THE PROBLEM: Your answer must be the full listing below, restated word for word, with no pictures in it.

DATA PROVIDED:
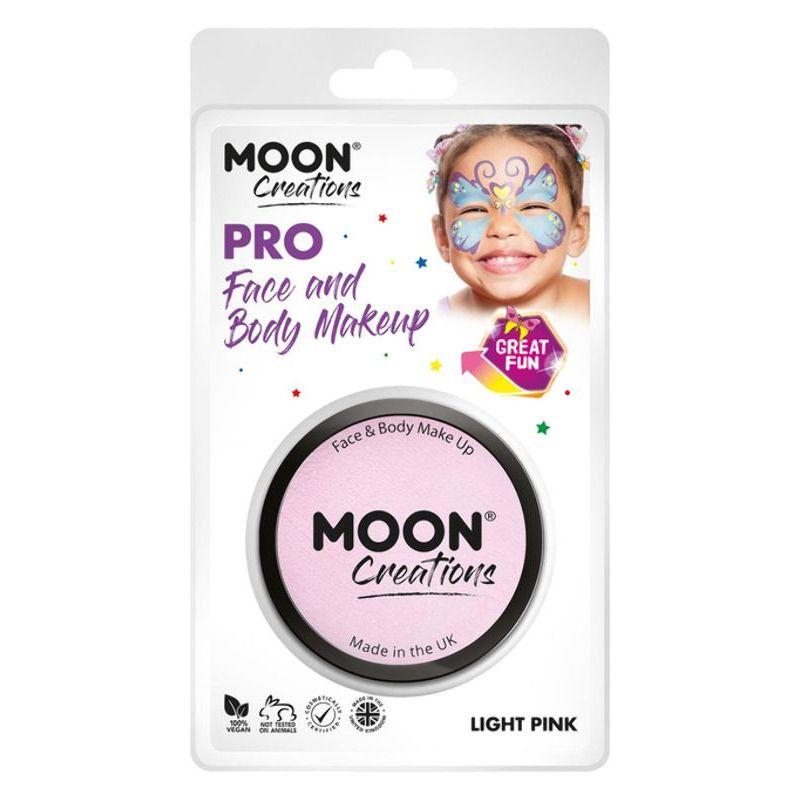 Moon Creations Pro Face Paint Cake Pot 36g Clamshell_64 
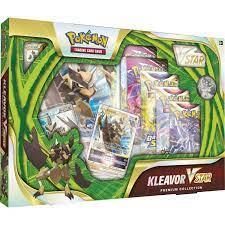 Kleavor V Star Premium Collection Box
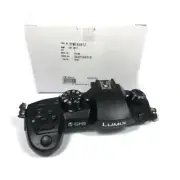 Panasonic Lumix Camera Top Case Unit Switch Button for DC-GH5 Part no 3YM1A561Z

RESULT BELOW:
 Moon Creations Pro Face Paint Cake Pot 36g Clamshell_64 
 Kleavor V Star Premium Collection Box
 Panasonic Lumix Camera Top Case Unit Switch Button for DC-GH5 Part no 3YM1A561Z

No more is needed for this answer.